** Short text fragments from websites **
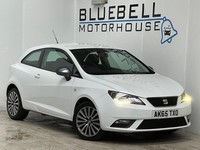 2015 SEAT Ibiza 1.2 TSI Connect Sport Coupe Euro 6 3dr Hatchback Petrol Manual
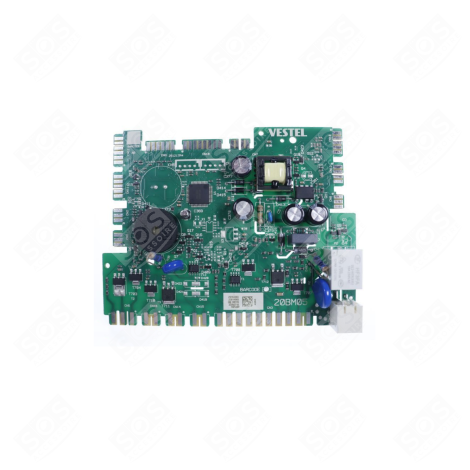 PLATINE VA1E_O:CL2_BL D'ORIGINE LAVE-VAISSELLE - 22331197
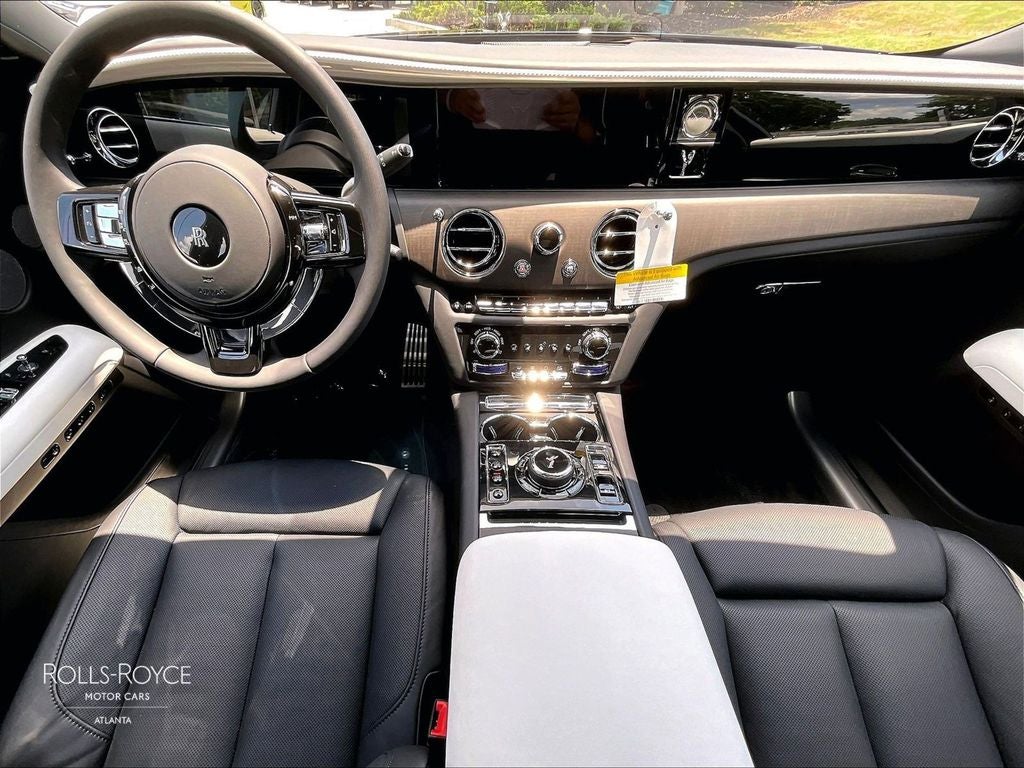 2027 Rolls-Royce Ghost 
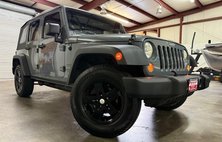 2014 Jeep Wrangler Unlimited 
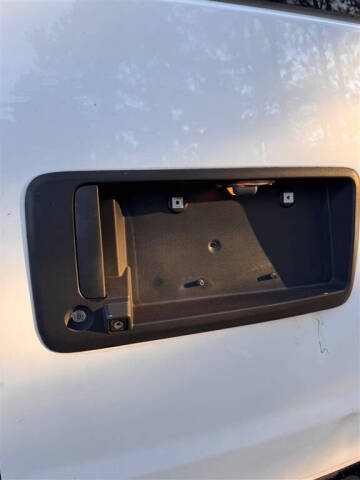 2019 Chevrolet Express 2500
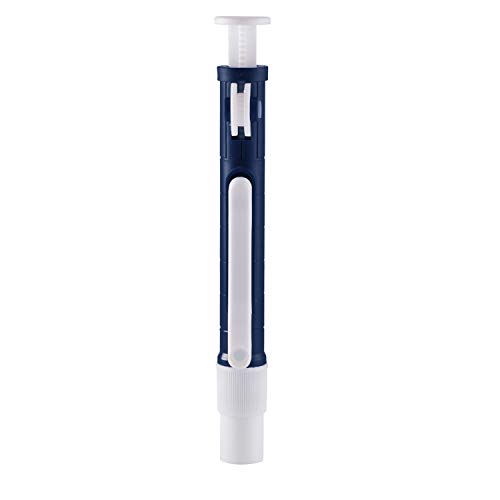 AMTAST Pipette Scientific Pipetten Laborpipetten Laborpipetten Pipettenpumpe Wissenschaftlicher Pipettierhilfe für Wegwerfbar Kunststoff und Glaspipetten (2ml) von AMTAST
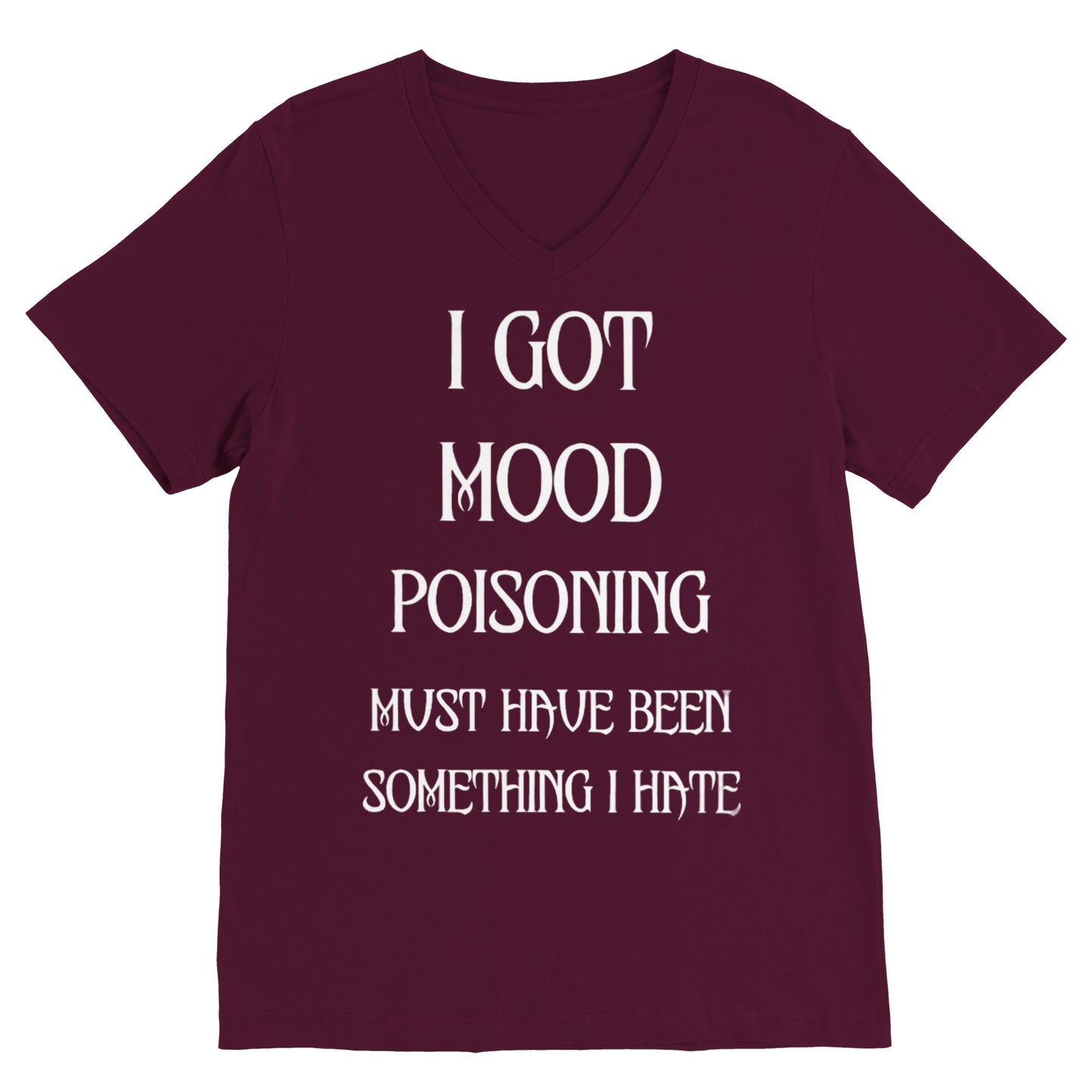 Mood Poisoning (V Neck)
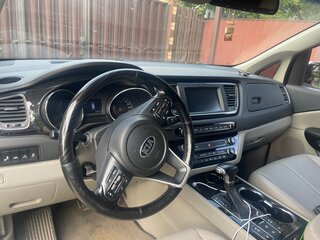 2019 Kia Carnival III, белый, 2700000 рублей, вид 5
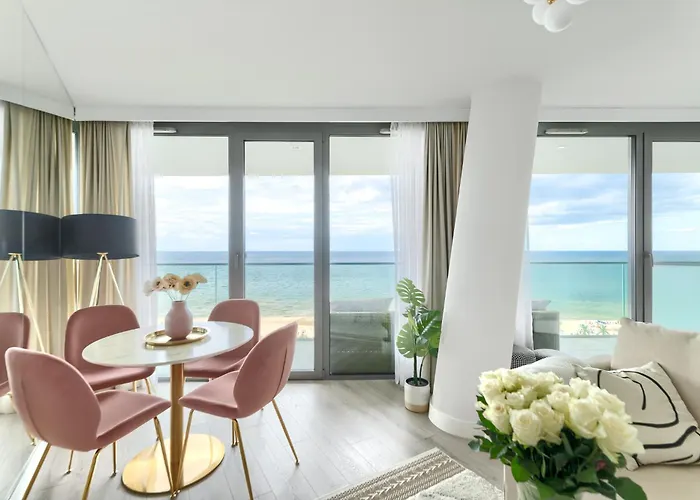 Your Holidays Wave A Międzyzdroje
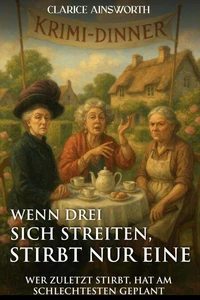 Wenn drei sich streiten, stirbt nur eine: Wer zuletzt stirbt, hat am schlechtesten geplant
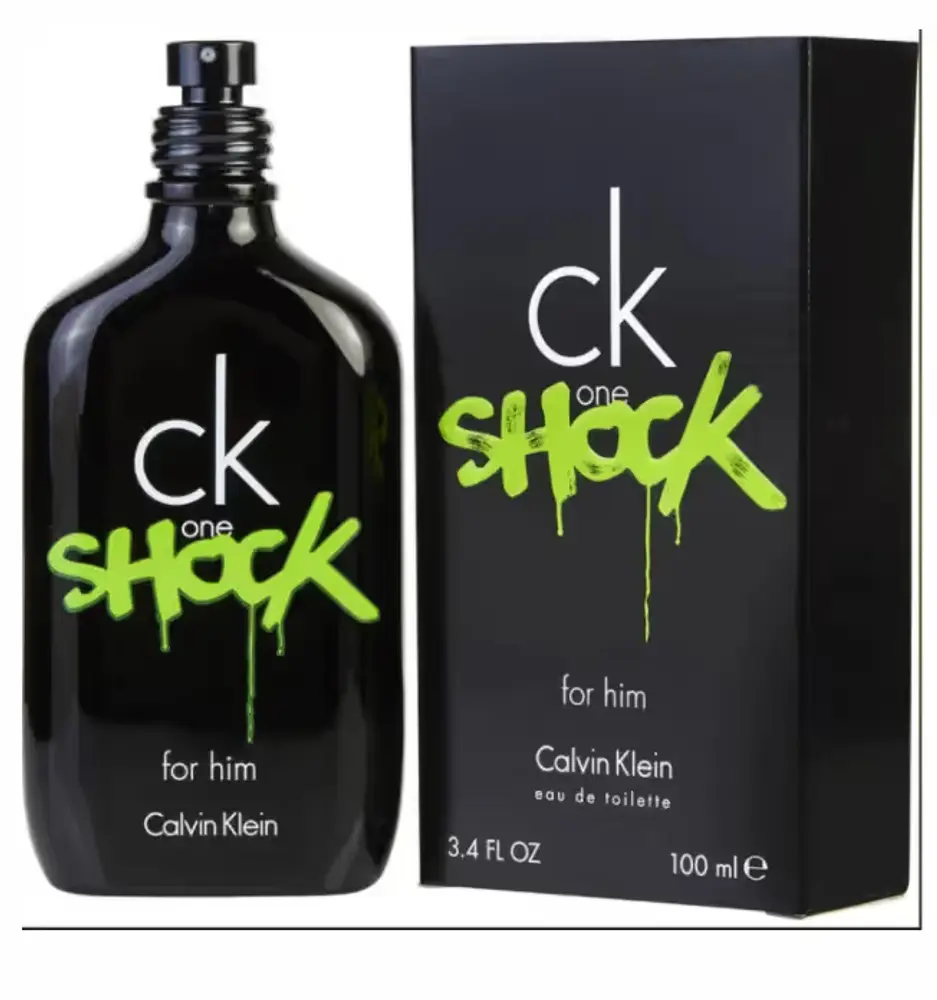 CK One Shock for Him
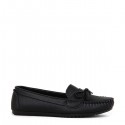 BA - Annamaria Bıyık Zenne 20/K Cilt Casual Ayakkabı - Siyah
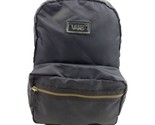 Vans Black Backpack Small One Size Fits All  - $19.70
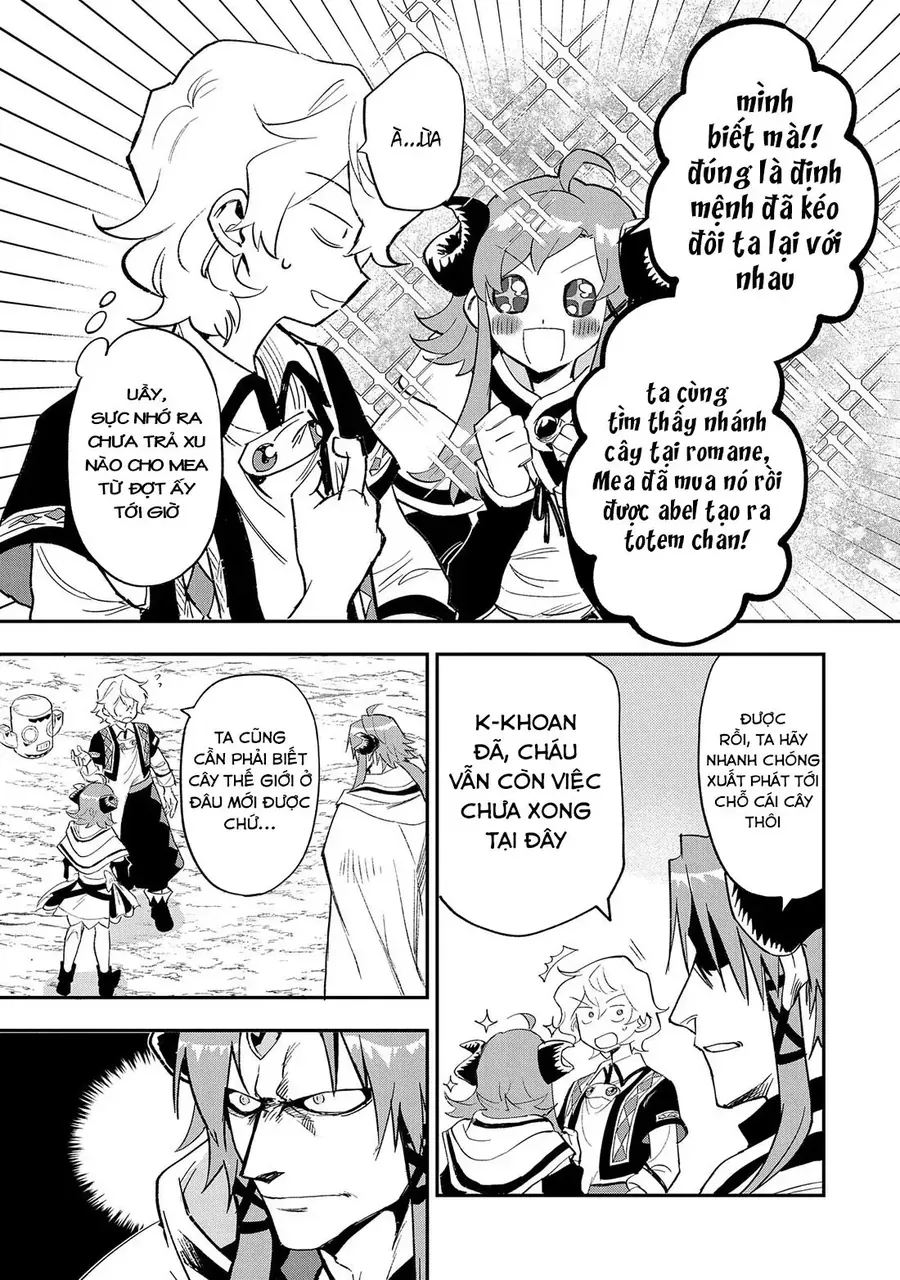 Saikyou Juzoku Tensei: Majutsu Otaku No Utopia - Chương 26 - Trang 26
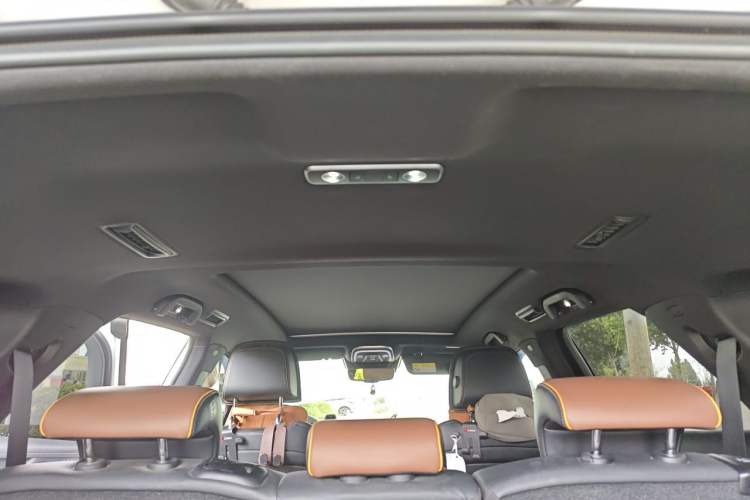 Used BYD Tang New Energy 2021 DM 2.0T Four-Wheel Drive High-Performance Flagship Model Headliner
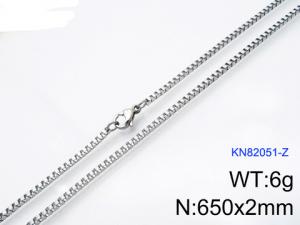 Staineless Steel Small Chain - KN82051-Z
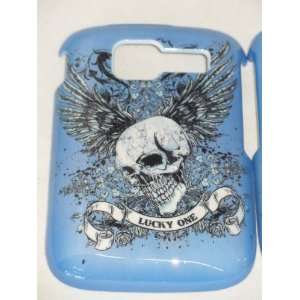   Lucky Skull Tattoo Design Hard Case Cover Skin Protector Cell Phones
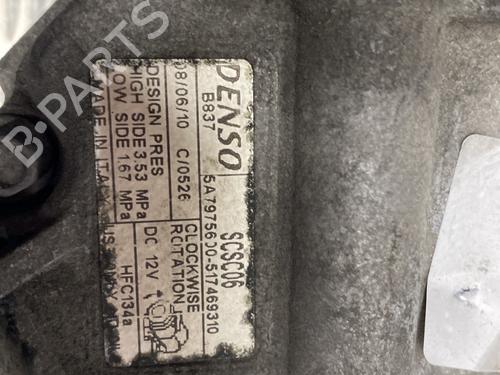 AC compressor FIAT 500 (312_) 1.3 D Multijet (312AXB1A) | BP30573706M34 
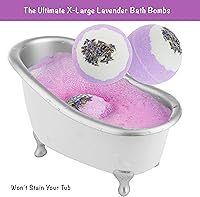 Lovery Bath Gift Basket Set for Women — image 3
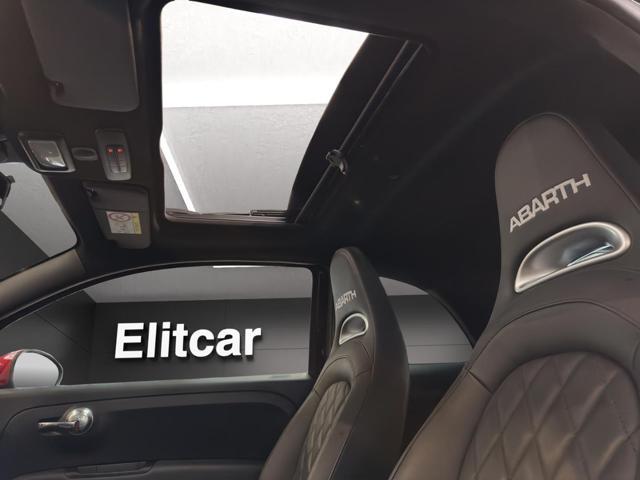 ABARTH 595 1.4 Turbo T-Jet 165 CV Turismo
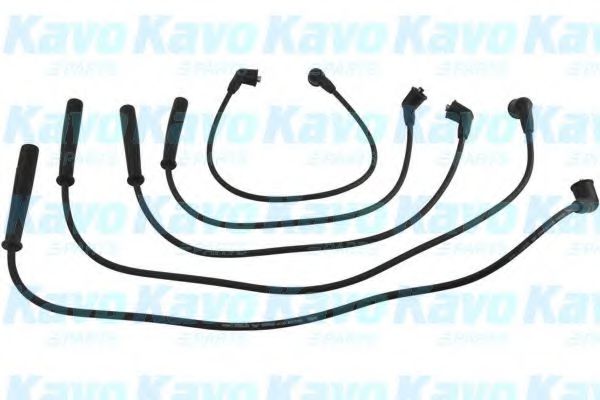 KAVO PARTS ICK-4005 Комплект проводов зажигания для MAZDA 323 P V (Мазда 323 пв) KAVO PARTS ICK-4005 Комплект проводов зажигания для MAZDA 323 P V (Мазда 323 пв)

** YOUR INSTRUCTIONS **
Your copy should hold the lines from the one with "2014 Jeep Wrangler Unlimited" up to and including the one with "BA - Annamaria", exactly as in the data above, and no pictures.

** YOUR RESPONSE **
 2014 Jeep Wrangler Unlimited 
 2019 Chevrolet Express 2500
 AMTAST Pipette Scientific Pipetten Laborpipetten Laborpipetten Pipettenpumpe Wissenschaftlicher Pipettierhilfe für Wegwerfbar Kunststoff und Glaspipetten (2ml) von AMTAST
 Mood Poisoning (V Neck)
 2019 Kia Carnival III, белый, 2700000 рублей, вид 5
 Your Holidays Wave A Międzyzdroje
 Wenn drei sich streiten, stirbt nur eine: Wer zuletzt stirbt, hat am schlechtesten geplant
 CK One Shock for Him
 BA - Annamaria Bıyık Zenne 20/K Cilt Casual Ayakkabı - Siyah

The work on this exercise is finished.